Горячий прием актерской братии трогательно и немножко жалко растрогал БЛ. Я сидел и думал — все — таки, наверно, он очень одинок, если ему нужны такие нехитрые триумфы…
Его просят прочесть что — нибудь еще. Он говорит, что готов повторить любое из прочитанных стихотворений. Голоса: «Свеча горела», «Гамлет»! Мне хотелось, чтобы он прочитал еще раз «Гамлета», но он выбрал «Зимнюю ночь», и я это сразу понял — исповедь не бисируют.
И он читает. Голос его как — то особенно мягок.
В чем разгадка силы этих простых слов? В лермонтовском «Есть речи — значенье…» или в его собственном определении «неслыханной простоты», как ереси, за которую следует беспощадное возмездие?
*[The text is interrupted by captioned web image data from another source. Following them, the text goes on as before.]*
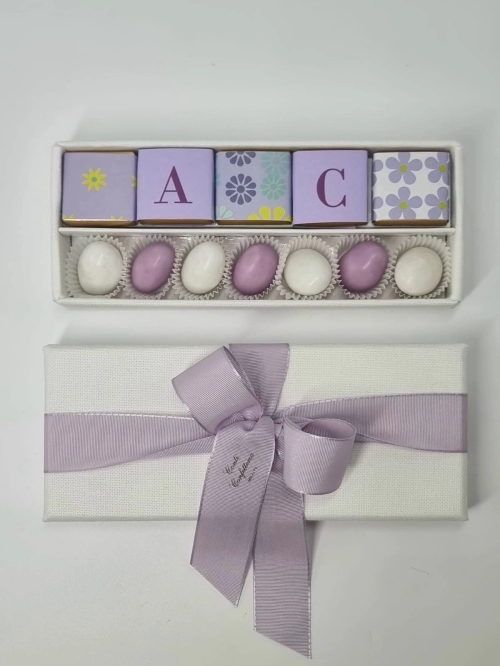 Scatola cioccolati e confetti lilla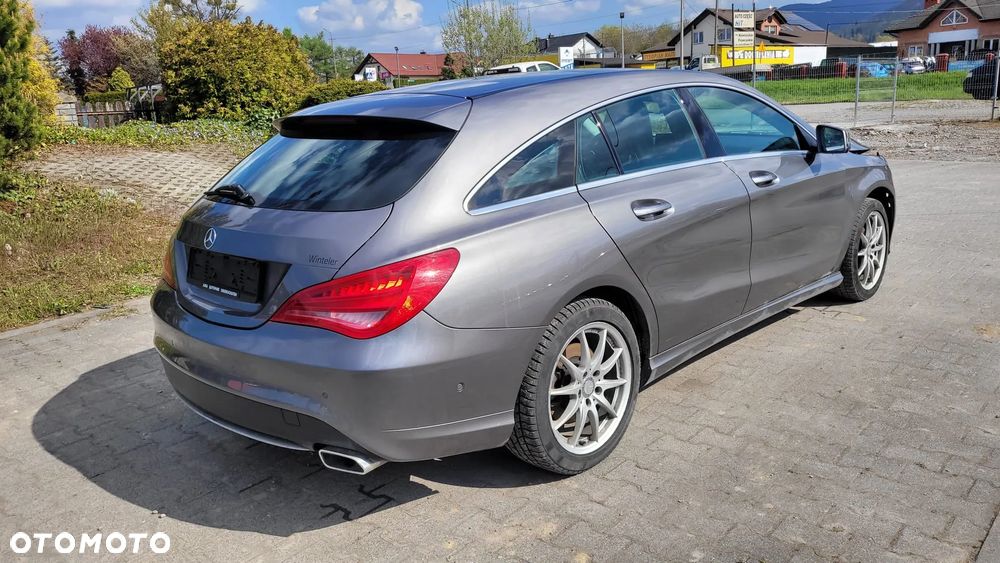 Mercedes-Benz CLA 200 7G-DCT UrbanStyle Edition - 2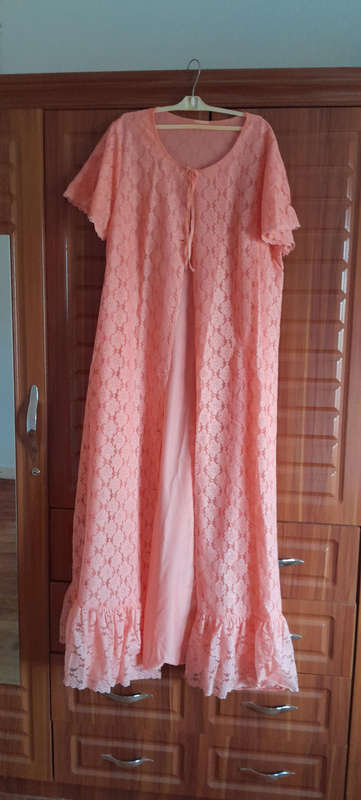 Vintage Dressing Gown Peach
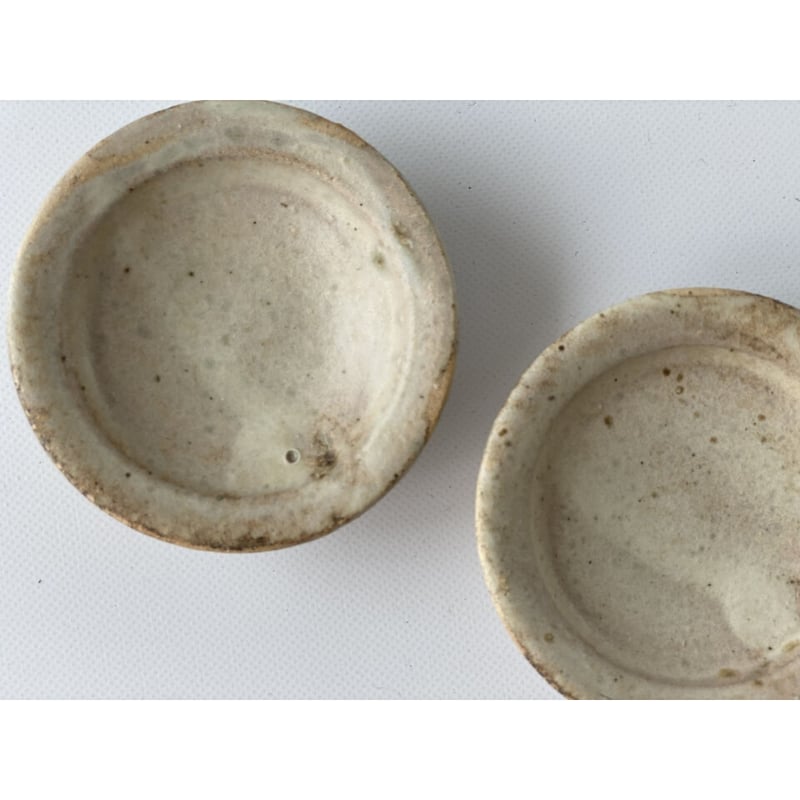 遠藤素子】豆皿 粉引／鉄釉 | Kinilu STORE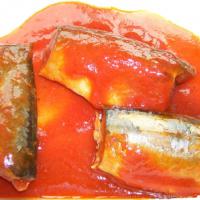 Large picture canned mackerel in tomato sauce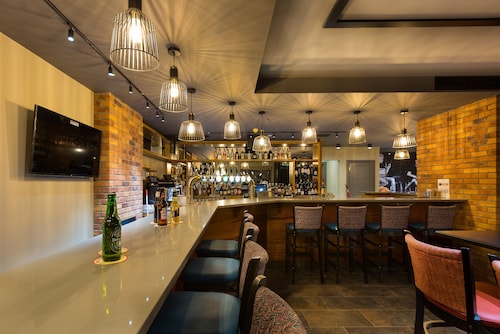 Castle Varagh Hotel & Bar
Но стоит ли задумываться над чудом, вместо того чтобы благодарно им восхищаться?
БЛ. держит перед собой лист с напечатанным на машинке стихотворением, но не смотрит в него.
Я слушаю знакомый голос БЛ. с его носовым, низким тембром, с его протяжными гласными, и мне кажется, что эти стихи можно читать только так, только этим голосом, только в такой же метельный и снежный зимний вечер, как сегодня…
БЛ. окружили актеры. Я отошел в сторону, но до меня доносились пышные и банальные комплименты, произносимые хорошо поставленными голосами. Впрочем, я не сомневался, что они искренни: актеры умеют увлекаться.